# GIVEN DATA
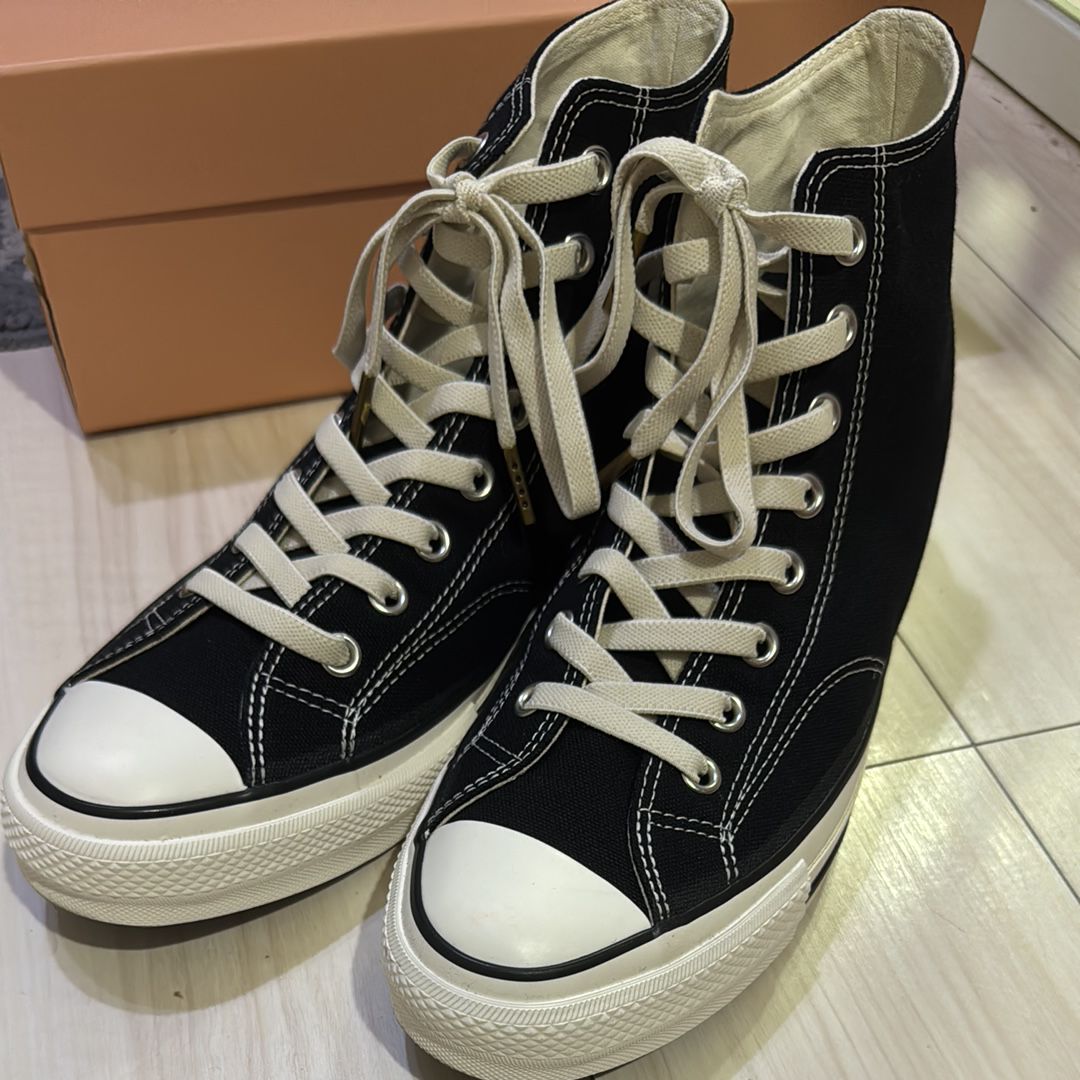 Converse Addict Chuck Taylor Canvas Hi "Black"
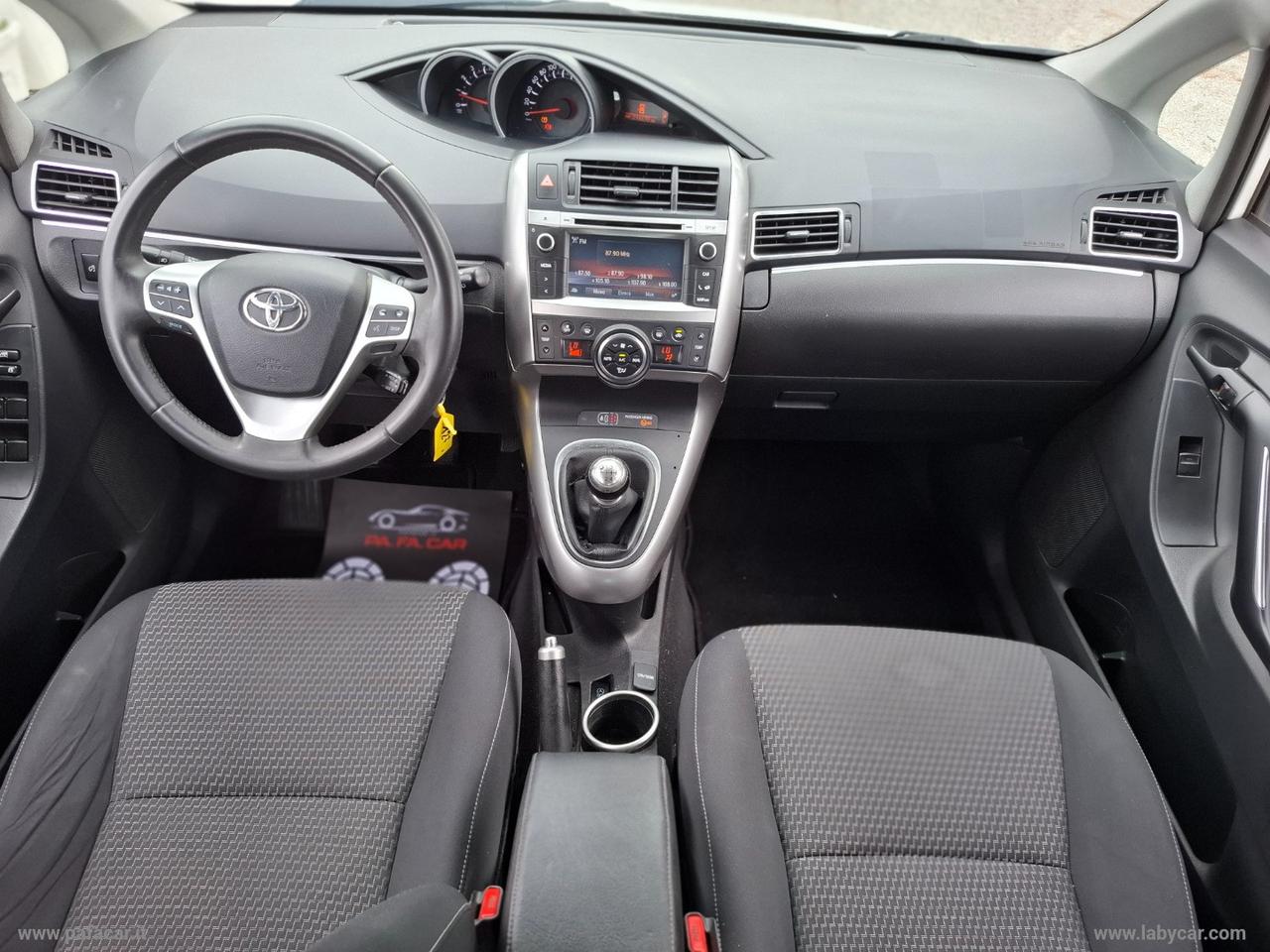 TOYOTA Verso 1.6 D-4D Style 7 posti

--

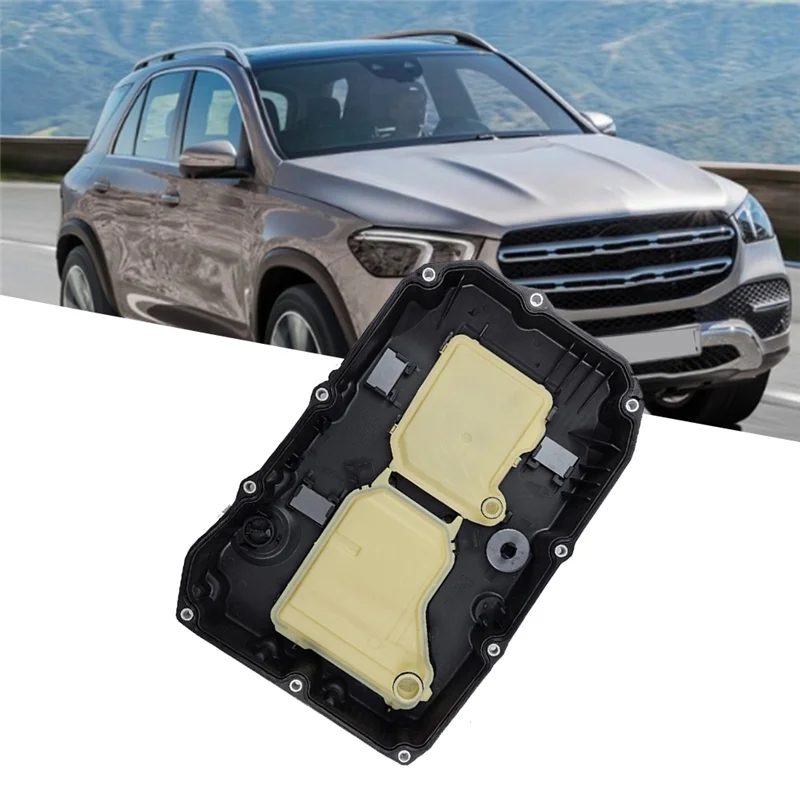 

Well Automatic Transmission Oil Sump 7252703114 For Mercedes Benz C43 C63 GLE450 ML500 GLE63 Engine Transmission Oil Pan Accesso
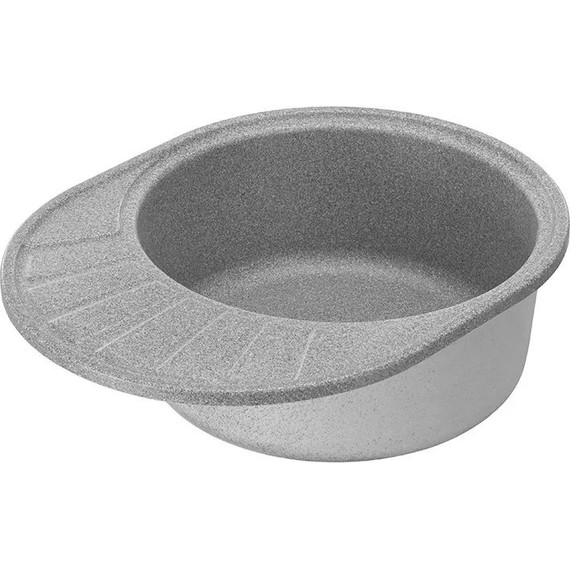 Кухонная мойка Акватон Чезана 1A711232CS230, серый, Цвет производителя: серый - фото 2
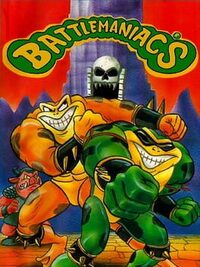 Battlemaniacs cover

# WORK TO BE COMPLETED
Although pictures appear among the records above, write out exactly only the lines from the one that has "Кухонная мойка Акватон" through the one that has "Battlemaniacs cover", and leave the pictures out.

# FINISHED TASK
 Кухонная мойка Акватон Чезана 1A711232CS230, серый, Цвет производителя: серый - фото 2
 Battlemaniacs cover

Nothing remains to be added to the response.